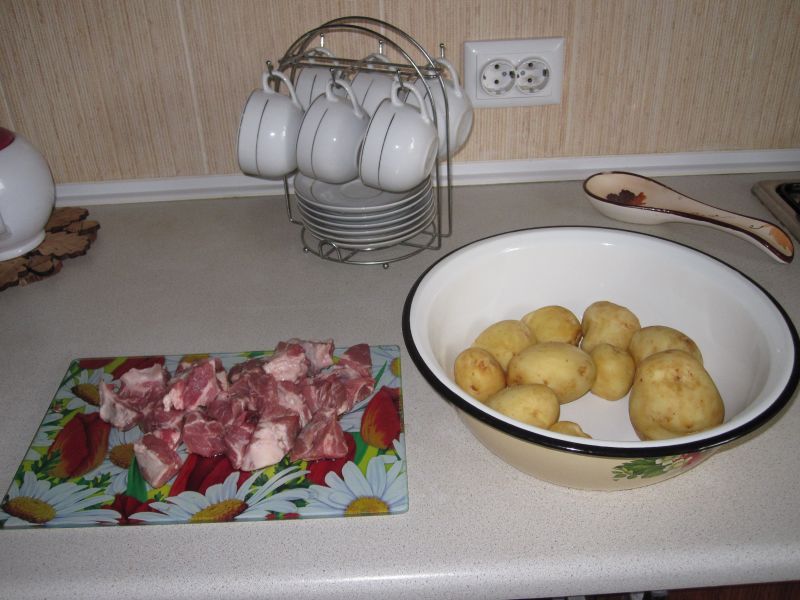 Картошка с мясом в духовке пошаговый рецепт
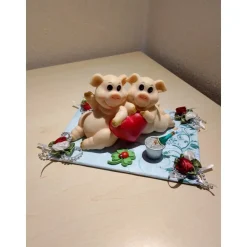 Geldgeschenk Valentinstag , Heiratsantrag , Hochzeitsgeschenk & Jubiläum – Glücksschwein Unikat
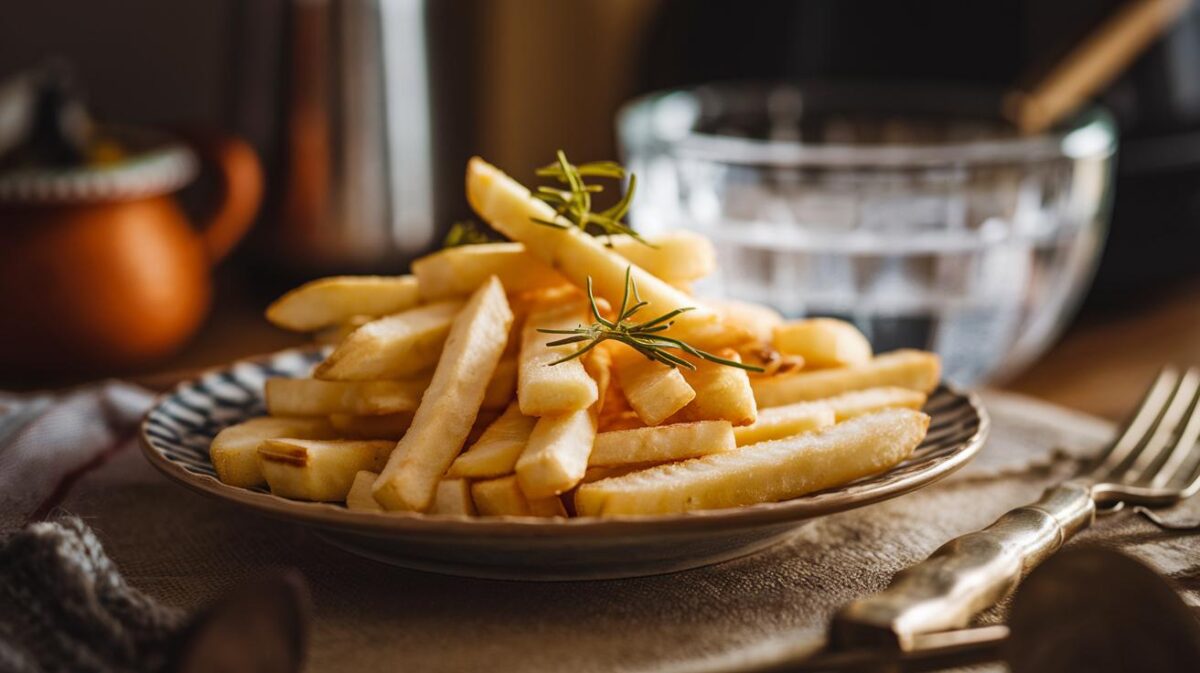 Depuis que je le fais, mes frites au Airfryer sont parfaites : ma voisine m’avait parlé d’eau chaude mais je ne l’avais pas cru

________________________________________

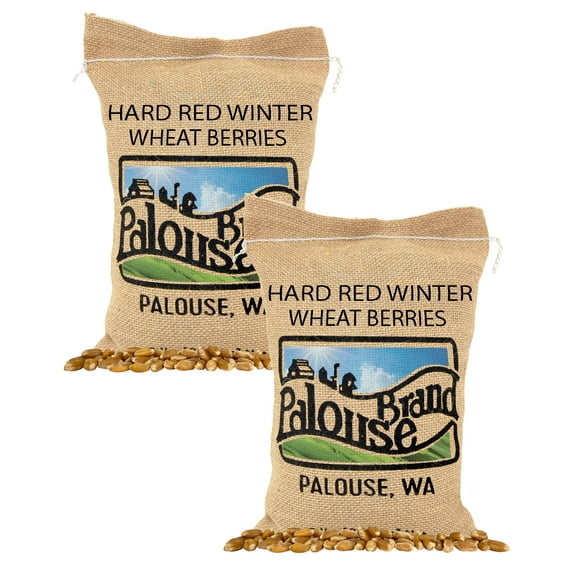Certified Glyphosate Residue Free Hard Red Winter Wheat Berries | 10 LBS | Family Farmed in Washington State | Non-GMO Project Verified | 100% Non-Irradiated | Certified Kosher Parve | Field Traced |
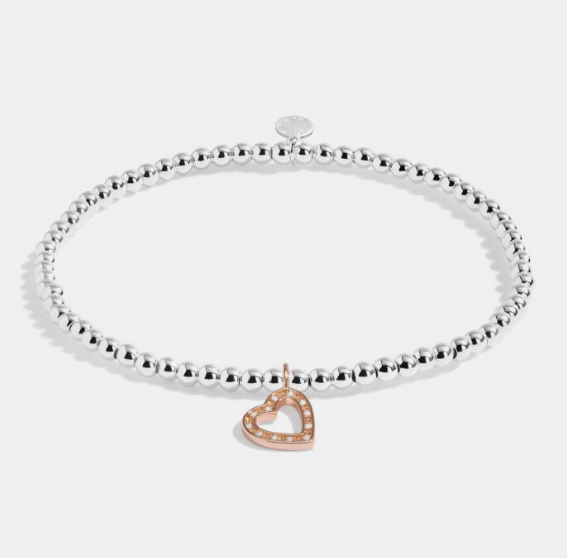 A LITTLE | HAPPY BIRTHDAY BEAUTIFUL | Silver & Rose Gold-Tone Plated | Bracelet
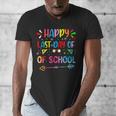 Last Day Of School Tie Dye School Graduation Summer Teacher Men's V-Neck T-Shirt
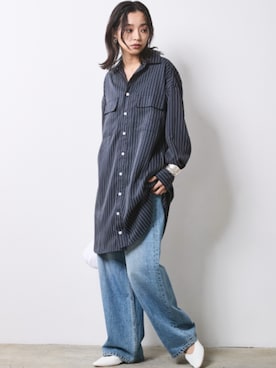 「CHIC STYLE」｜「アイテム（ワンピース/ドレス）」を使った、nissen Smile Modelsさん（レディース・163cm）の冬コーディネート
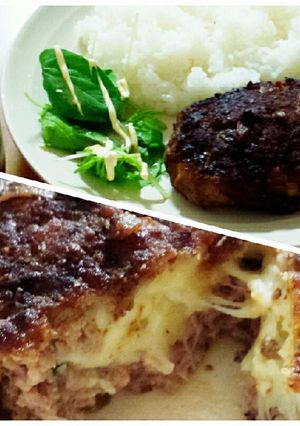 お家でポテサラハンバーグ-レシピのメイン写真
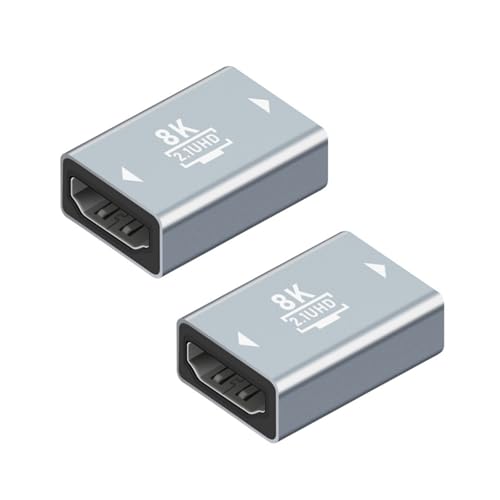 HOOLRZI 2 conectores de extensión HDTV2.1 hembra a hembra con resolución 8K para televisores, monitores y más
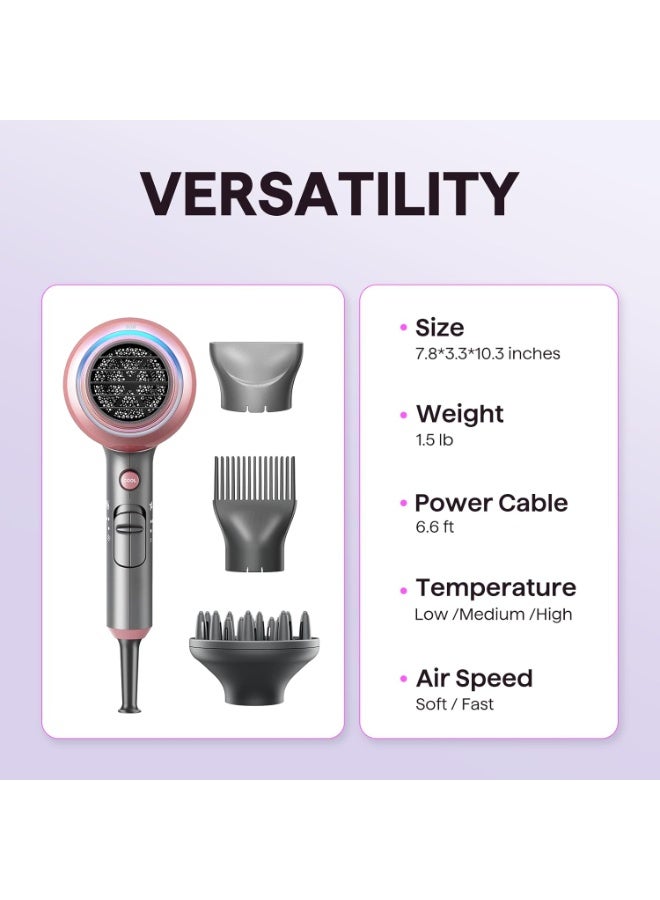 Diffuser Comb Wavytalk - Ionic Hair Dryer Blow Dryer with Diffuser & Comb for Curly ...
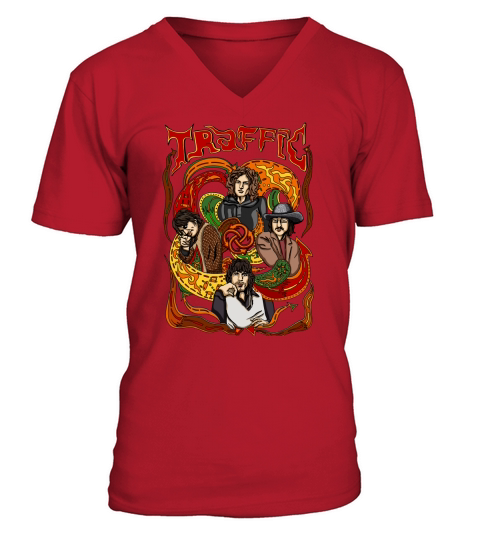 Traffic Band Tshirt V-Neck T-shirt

________________________________________

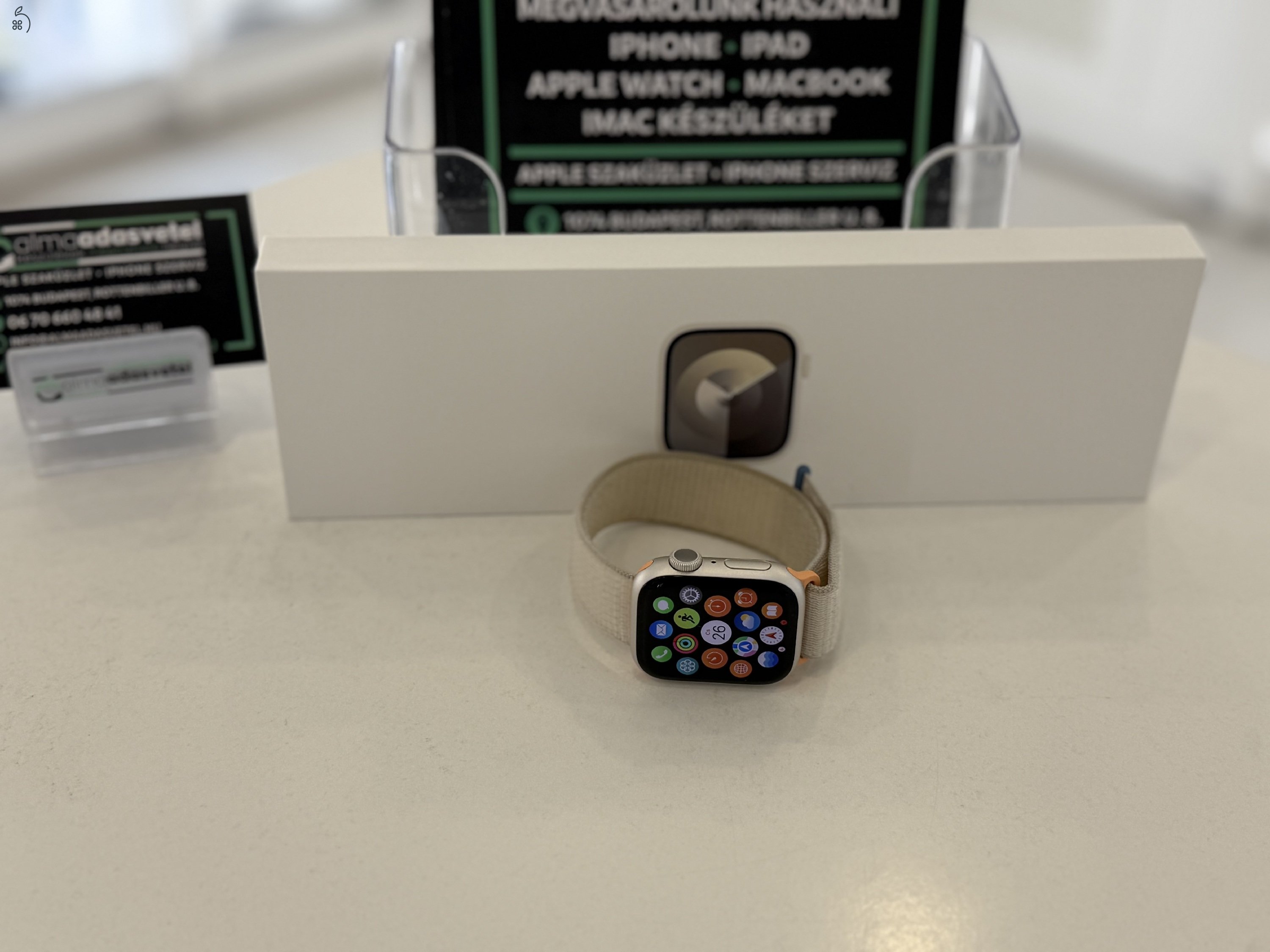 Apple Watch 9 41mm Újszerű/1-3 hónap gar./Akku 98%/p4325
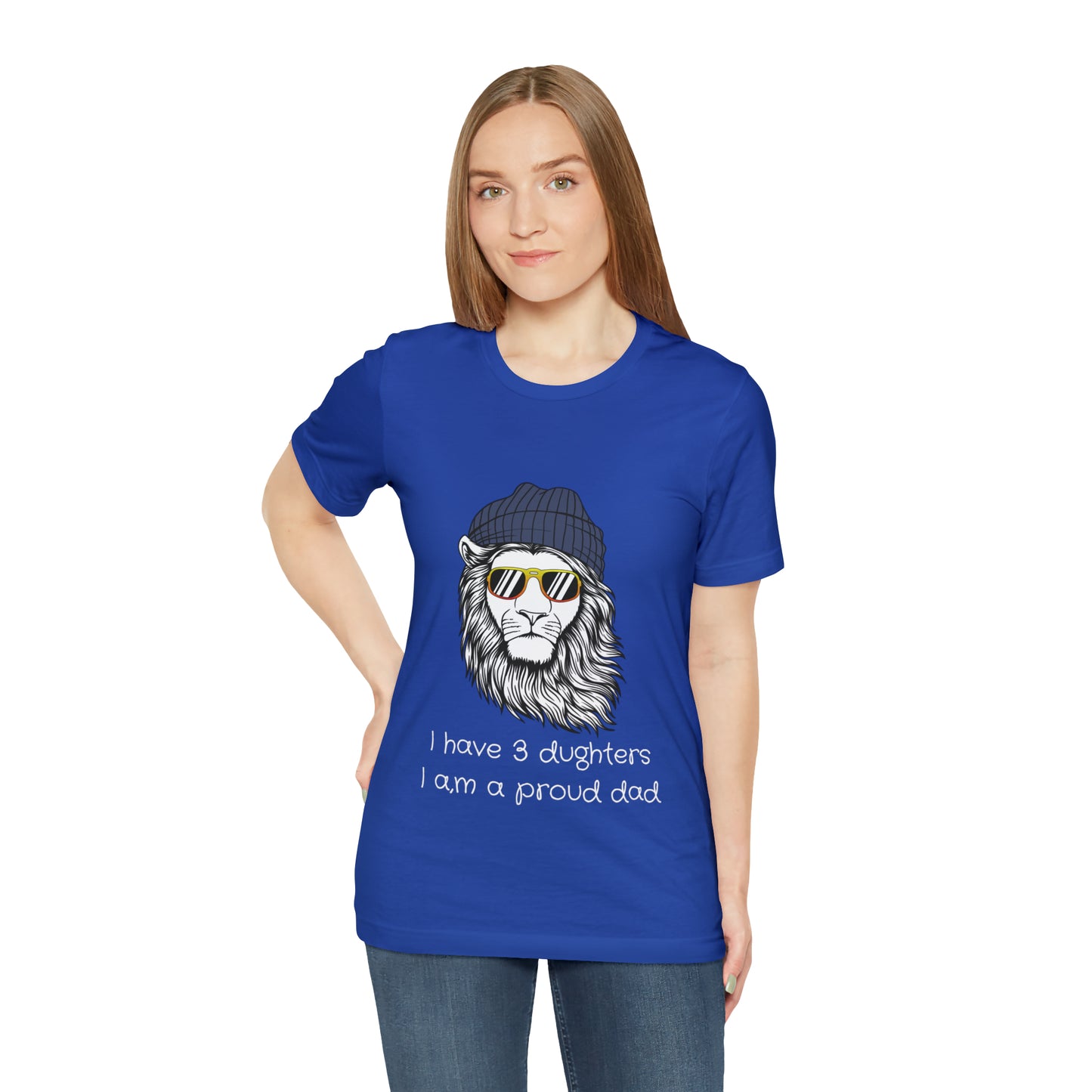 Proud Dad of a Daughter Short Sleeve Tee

________________________________________

Extract the part of the records that opens with the line containing "Картошка с мясом в духовке пошаговый рецепт" and closes with the line containing "Depuis que je". Take only those lines, exactly, and no pictures.

 Картошка с мясом в духовке пошаговый рецепт
 Geldgeschenk Valentinstag , Heiratsantrag , Hochzeitsgeschenk & Jubiläum – Glücksschwein Unikat
 Depuis que je le fais, mes frites au Airfryer sont parfaites : ma voisine m’avait parlé d’eau chaude mais je ne l’avais pas cru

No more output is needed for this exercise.